Все требовали внимания, ласки, да и просто ухода — особенно малыши. Надо было удовлетворить (или усмирить) каждого. Уезжая в Киев, мать сказала:

— Оставляю на тебя всю нашу республику. Я знаю твою склонность к либерализму и немножко побаиваюсь… Но думаю, что, почувствовав президентскую ответственность, ты будешь осуществлять принцип строгой справедливости…

— Выходит, отныне я полновластный правитель нашей республики? А как быть с формулой, которую ты не раз повторяла: «Власть развращает. Абсолютная власть развращает абсолютно»? Ты забыла?

— Нет, не забыла.

— И тебя не пугает опасность того, что я превращусь в диктатора, деспота, терроризирующего свое общество?

— Ты на это не способна. Из всякого правила есть исключения. Да и времени пройдет не столько, чтобы человек с твоим сердцем и умом смог переродиться в деспота…

В семье Косачей, да и у ближайших друзей — Старицких и Лысенков — шутки, остроумные придумки не переводились, они были неотъемлемым атрибутом повседневного общения, переписки. В письмах Леси встречаются многочисленные, окрашенные мягким юмором прозвища, а также своеобразно употребляемые на протяжении всей жизни местоимения. Друзей и близких знакомых из литературного окружения она называет «кна-кны», даже в письмах к родителям: «Плеяда» соберется у нашей кна-кны — в воскресенье», «Передай привет одесским кна-кнам». В многолетней переписке с Ольгой Кобылянской Леся, как правило, прибегает к местоимению (и когда речь идет об адресате, и когда о ней самой) кто-то (хтось, хтосічок, когось — «Пускай кто-то без кого-то не грустит. Пускай пишет, — кто-то любит, когда кто-то пишет»). Произведения — чаще всего свои, а то и друзей, знакомых — «улиты». Такое шутливое название получали задуманные, но медленно пишущиеся вещи. Происхождение этого слова связано с поговоркой: «Улита едет, когда-то будет». От «улиты» Леся образовала глагол «улитить» («Улиты в следующем письме пришлю», «…бог даст доуличу все благополучно»).

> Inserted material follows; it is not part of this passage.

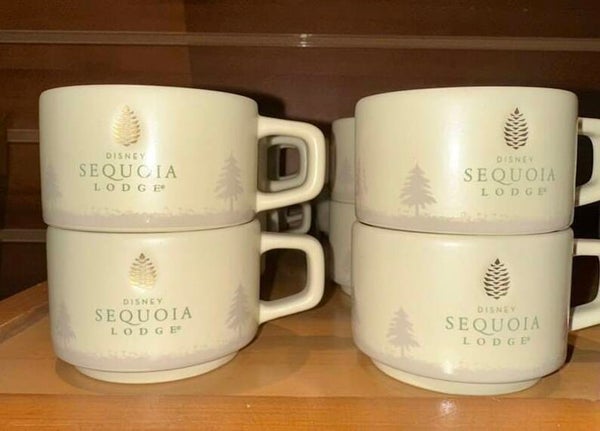 Small Sequoia lodge mug - Disneyland Paris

В этот раз управление «республикой» облегчалось благоприятной погодой. Лето выдалось солнечное, теплое, щедрое на фрукты и овощи. Ягод — не собрать! После завтрака разбредутся Лесины «республиканцы» по всем закоулкам усадьбы, а она скорее за свои «улиты». Казалось, на минутку присядет у стола, а проголодавшиеся уже манифестуют.

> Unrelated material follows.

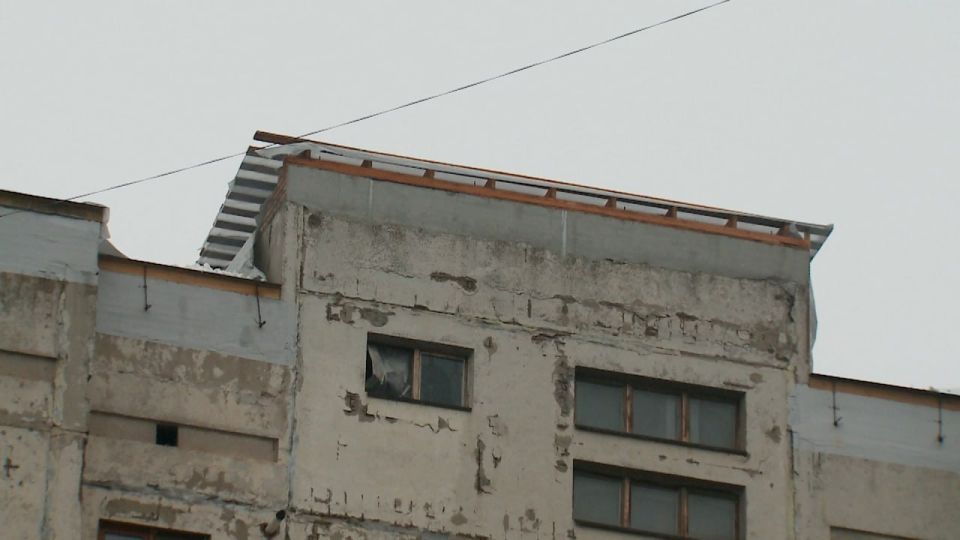 Сырая декабрьская погода вносит коррективы в ход работ по капитальному ремонту кровли по адресу: г. Краснодон, кв. Советский, д. № 1. Залитая на первой секции дома стяжка сохнет дольше, чем в сухую погоду Сырая декабрьская погода вносит коррективы в ход работ по капитальному ремонту кровли по адресу: г. Краснодон, кв. Советский, д. № 1. Залитая на первой секции дома стяжка сохнет дольше, чем в сухую погоду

После обеда Леся возится с вареньем. Каждый получает личное задание «президента»: кто — собирать малину или смородину; кто — разводить и поддерживать огонь под тазом, в котором покрывается пузырьками темно-красное сладкое варево; а двухлетняя Патька — первый помощник «президента» — должна сидеть рядом с Лесей и держать наготове половник для размешивания сиропа. Тот, кто честно работает на республику, вечером получает вознаграждение.

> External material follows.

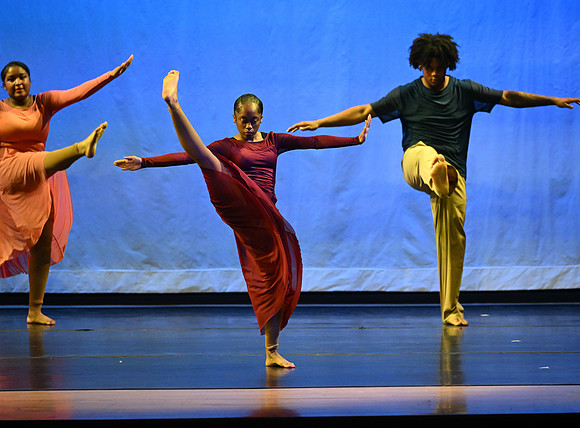 OMHSDance-03393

С наступлением темноты в доме становится тихо — все засыпают (или делают вид, что спят). Только «президент» бодрствует. Садится за стол — надо написать маме. Не так просто было больному человеку управляться с таким хозяйством: «Мы теперь все варим да жарим, и, должна сказать, эта работа начинает мне надоедать… Нога у меня болит по-прежнему, вынуждена лежать в постели. Читаю Тена и занимаюсь вареньем. Временами пишу стихи. Пуц с учителем не пререкается, а как учителю живется в республике, узнаешь из его собственных слов — он намеревается тебе написать. Мне кажется, что республика его не обижает. Целую тебя и дорогую кна-книну. Бабушку тоже целую, пусть не гневается, что не пишу.